Tuesday, May 28, 2013

Belly shots

Here are some pictures of my twin belly.  I kind of hate that i didn't get to go any longer. A- because of the babies, but b- i wanted that huge beautiful belly. I think going into labor and having the babies so early stinks, but not knowing what i could have done differently or if there was anything i could have changed makes me crazy sometimes. I felt like i had failed, my babies, my body, the doctors and my husband and girls. I just wanted to make it to 32weeks. It seems silly now (it was even a goal written in my hospital room the week i was there). Anyway i think another  part is everyone would always say oh you are so small you can't carry twins, or how will you be able to carry twins?
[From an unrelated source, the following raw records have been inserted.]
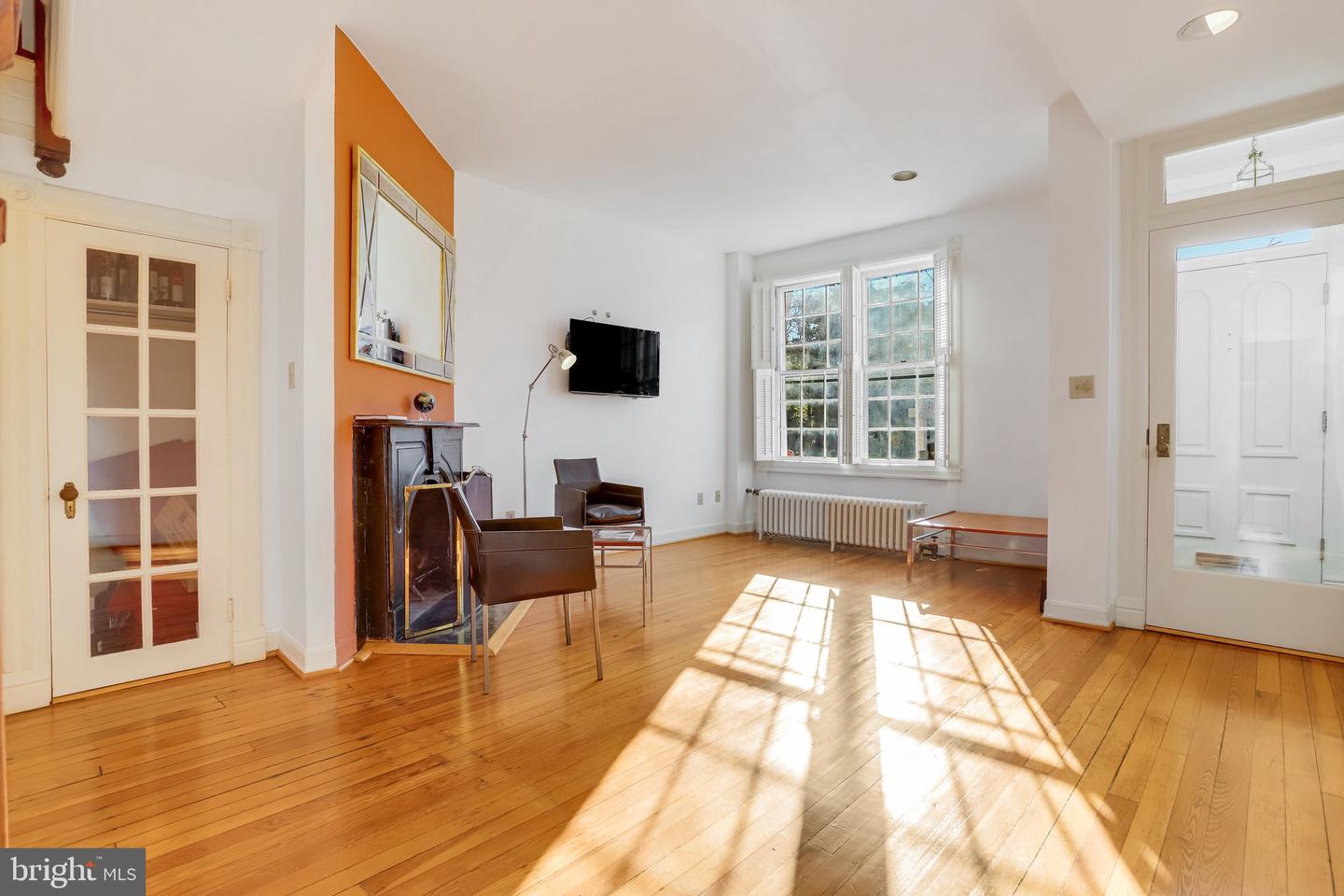 136 E ST SE, WASHINGTON, District Of Columbia 20003, 3 Bedrooms Bedrooms, ,2 BathroomsBathrooms,Residential,For sale,136 E ST SE,DCDC2171188 MLS # DCDC2171188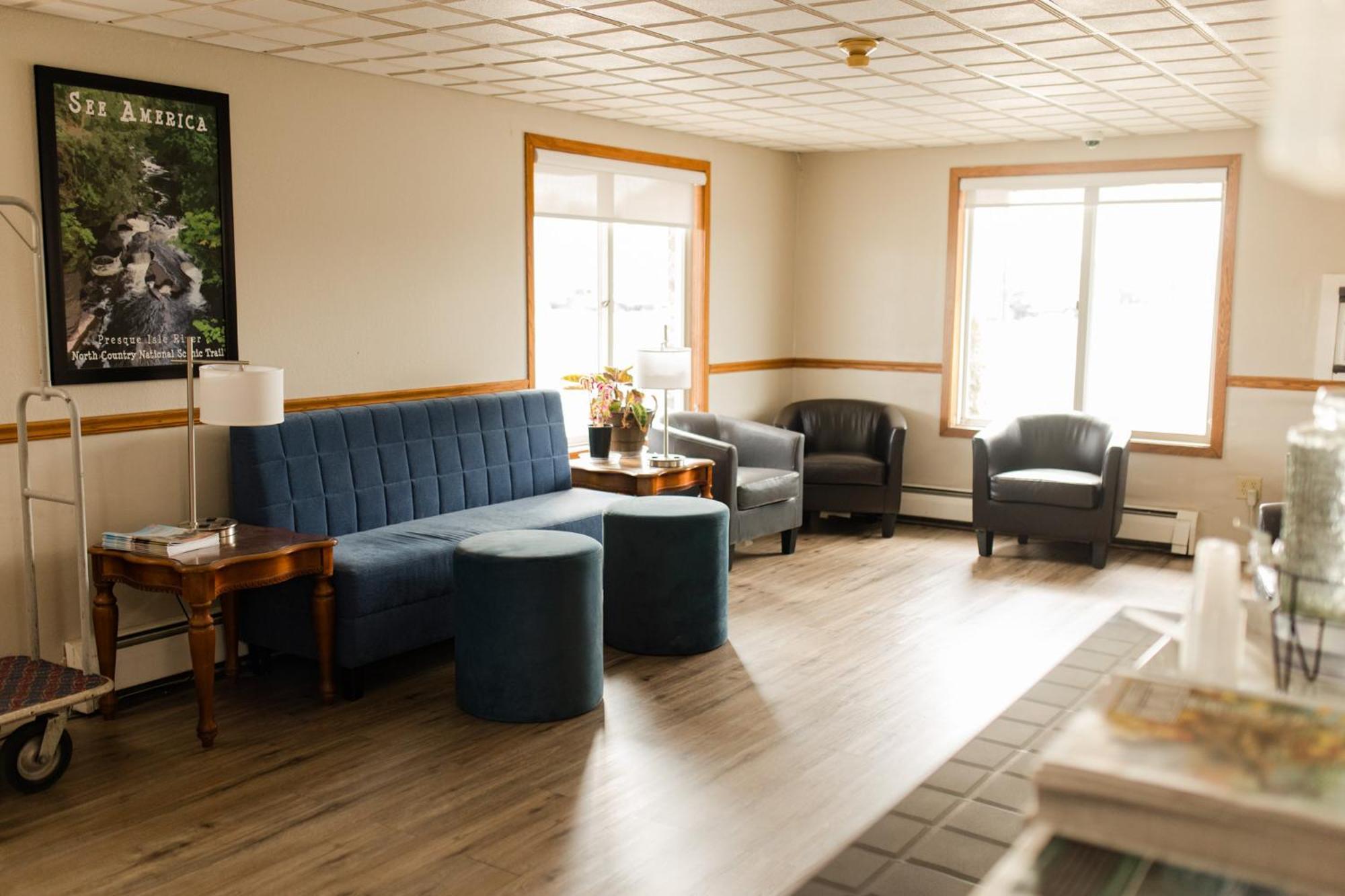 Travelodge By Wyndham Escanaba Extérieur photo
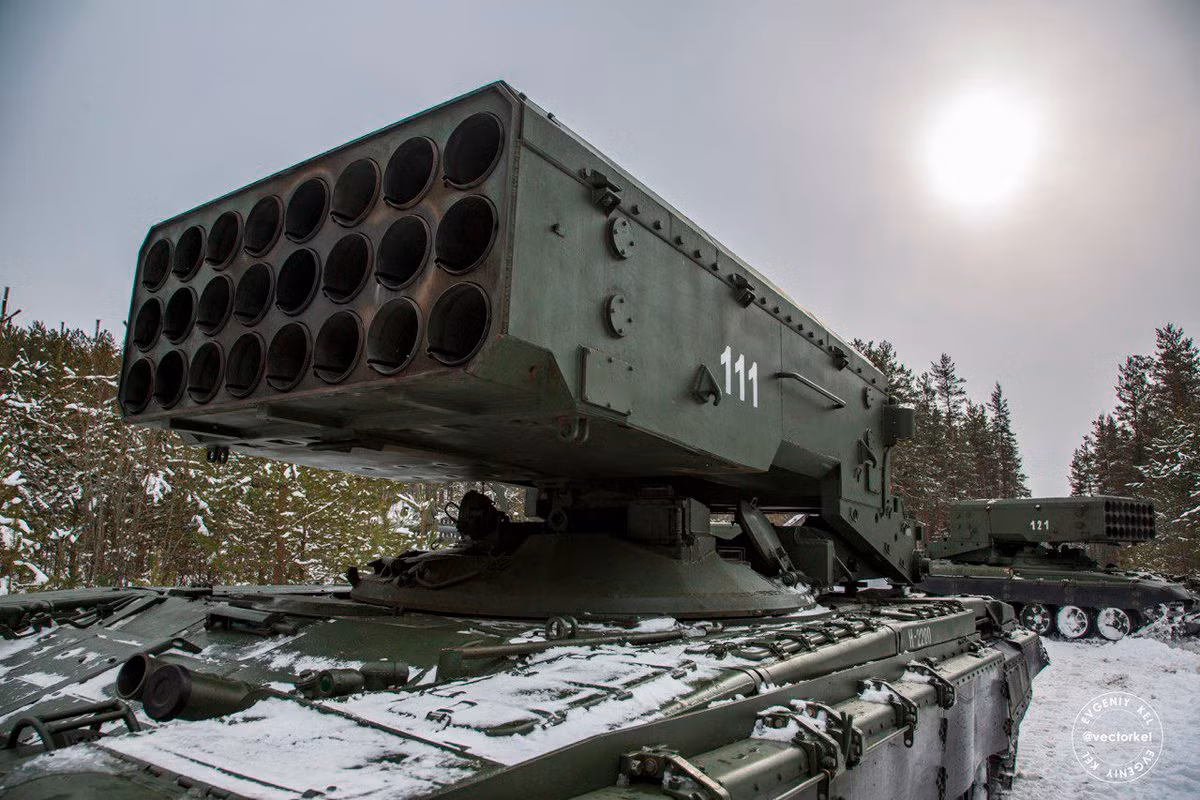 Sau đó, TOS-1 được sử dụng trong chiến tranh Chechnya lần thứ hai, đặc biệt, trong trận đánh tại làng Komsomolskoye vào tháng 3/2000. Vũ khí này từng được quân đội Iraq sử dụng để đánh khủng bố IS tại Mosul; nó cũng đã chứng minh tính hiệu quả khi hỗ trợ bộ binh trong chiến dịch của quân chính phủ Syria giải phóng thành phố Palmyra khỏi khủng bố IS năm 2017. TOS-1A cũng được sử dụng để phòng thủ căn cứ quân sự của Nga tại Khmeimim (Syria). Đây là vũ khí cực kỳ hiệu quả để chống mai phục, vũ khí hoàn hảo để đánh khủng bố.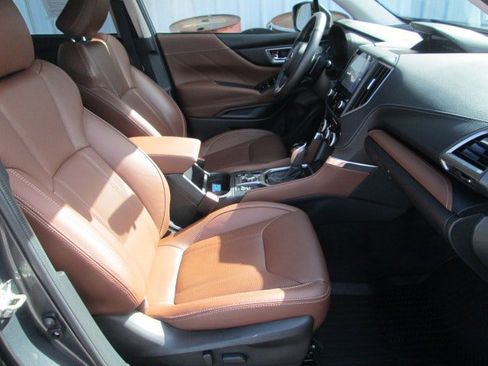 Used 2021 Subaru Forester Touring image 14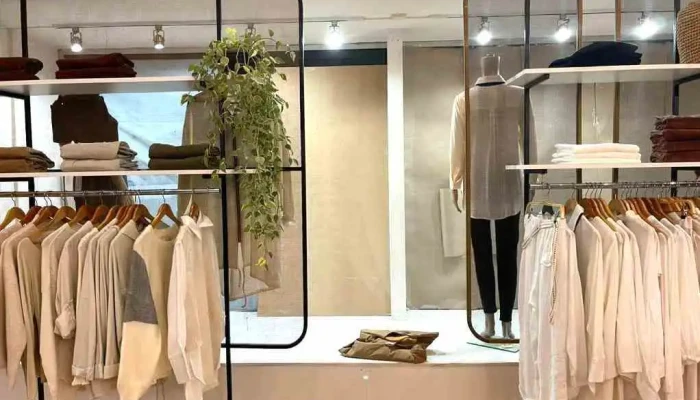 Juana de Arco - 70100 Carmelo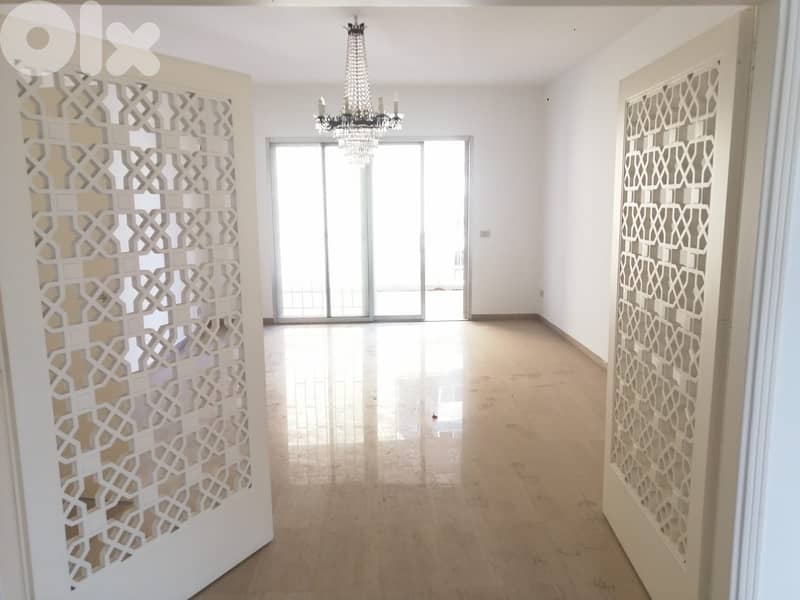 SPACIOUS APT IN AIN EL MRAISSEH PRIME (500SQ) 3 BEDS , (JNR-294) 0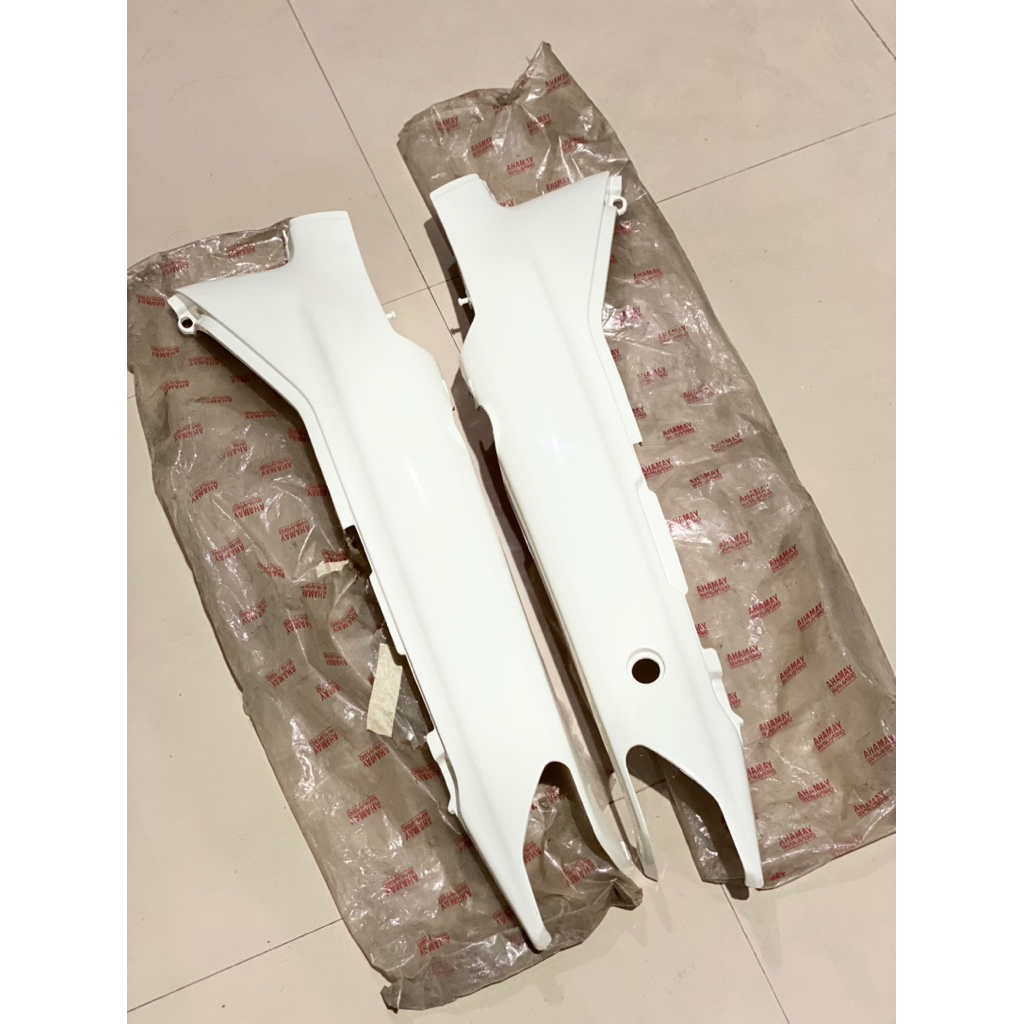 cover body bodi samping Yamaha FIZ F1Z FORCE1 Original putih albino 3XA-F1741-00-36 / 3XA-F1731-00-3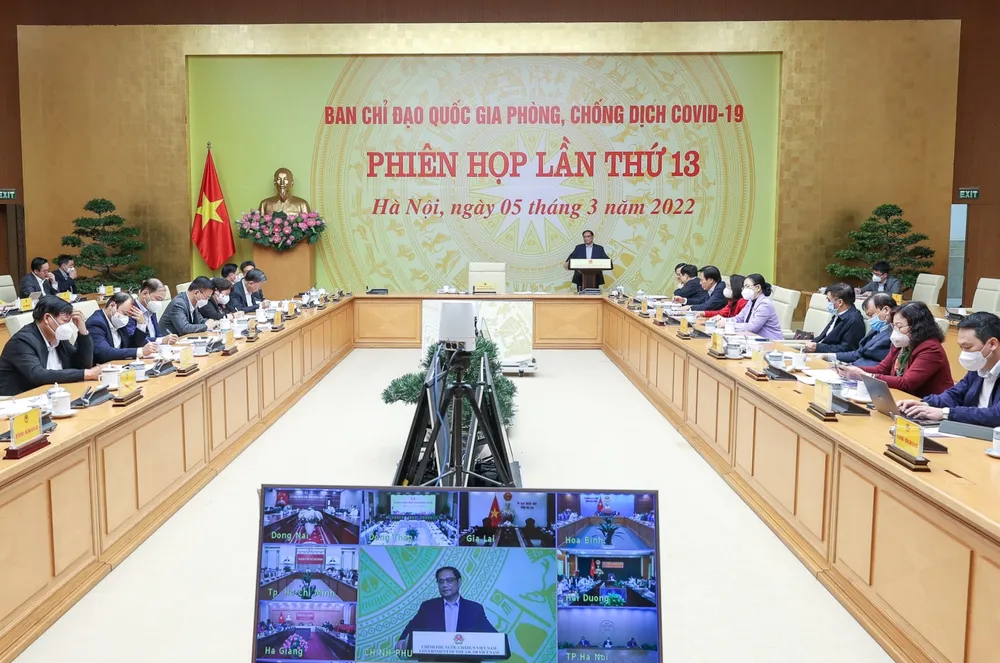 Tập trung giảm số ca chuyển nặng, giảm ca tử vong, không để quá tải hệ thống y tế ảnh 2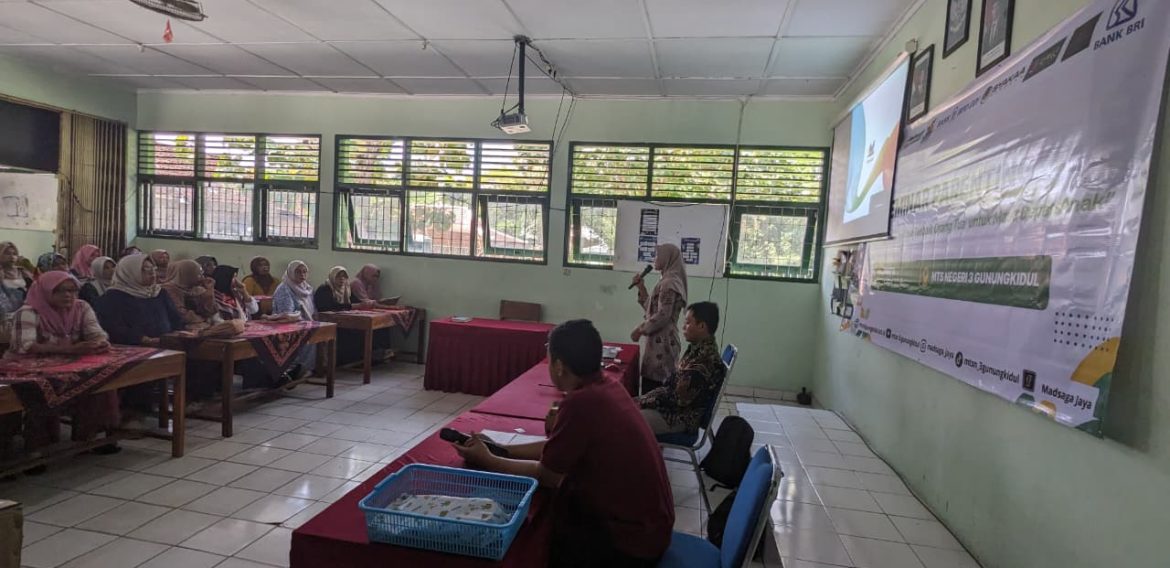 Gelar Sosialisasi di Sela Try Out, MTsN 3 Gunungkidul Paparkan Program Unggulan kepada Orang Tua Siswa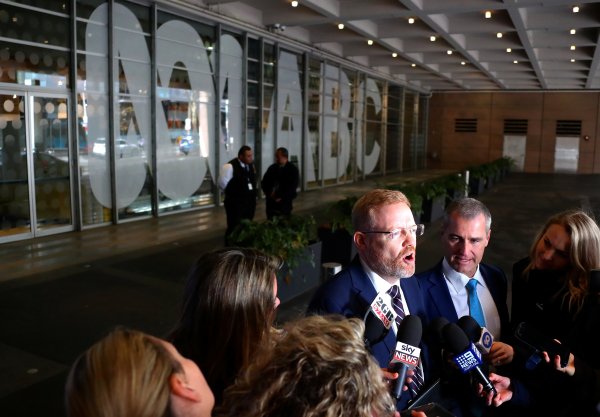 r Avustralya'da ABC kanalına polis baskını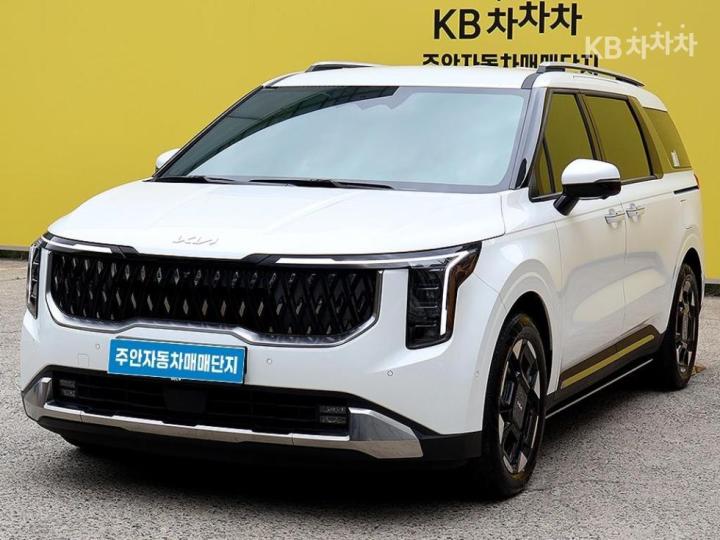 Kia Carnival Hybrid 1.6 HEV Signature 3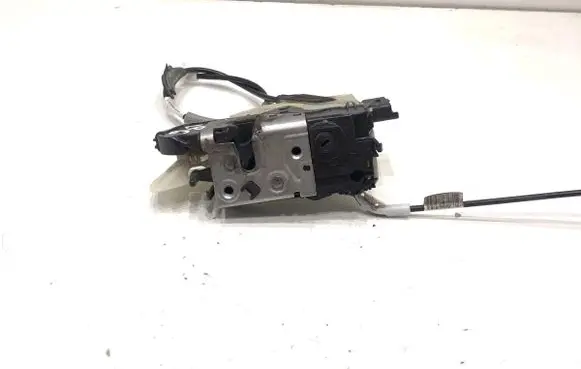 Peugeot 208 I Front door lock 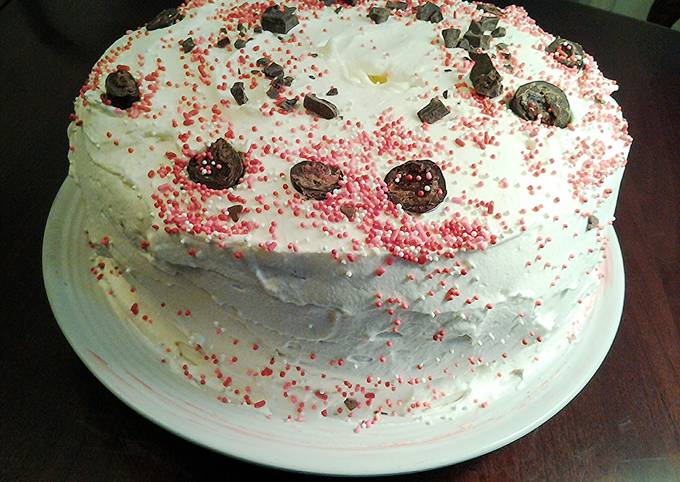 Simple Way to Make Favorite Strawberry Sparkle Cake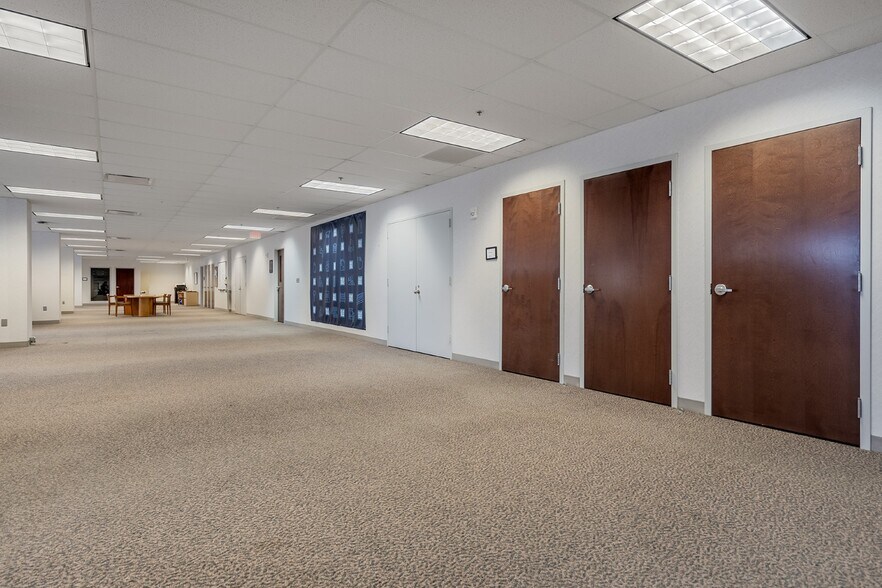 More Photos Of 55-75 Erieview Plz, Cleveland Office For Sale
I get a little poor me here in a second....Well everyone my body gave up after being jabbed, pried on and cut open in 3 different places trying to keep my babies alive at 19 weeks. You were all right, i can't carry twins. Not that any of that  mattered yes i went into labor early, but i had a strain of ecoli that Asher was getting sick from that he and my body knew it was time to get him out before he got worse off..... Thanks for listening to my rant. So things you might want to rethink saying when you see a pregnant lady, how will you ever carry twins(we'll do it one day at a time till or bodies give out) and then the other thing to not ask someone who has preemie babies, why did you have them so early (well it wasn't our choice,  very rarely do doctors know why babies come when they come, and it's probably a touchy subject  to the mom, so if she's not talking about she doesn't want to..  Ok, please don't feel bad if you are one of these people, because frankly I've asked the same questions, but now I'll really think about how i say things.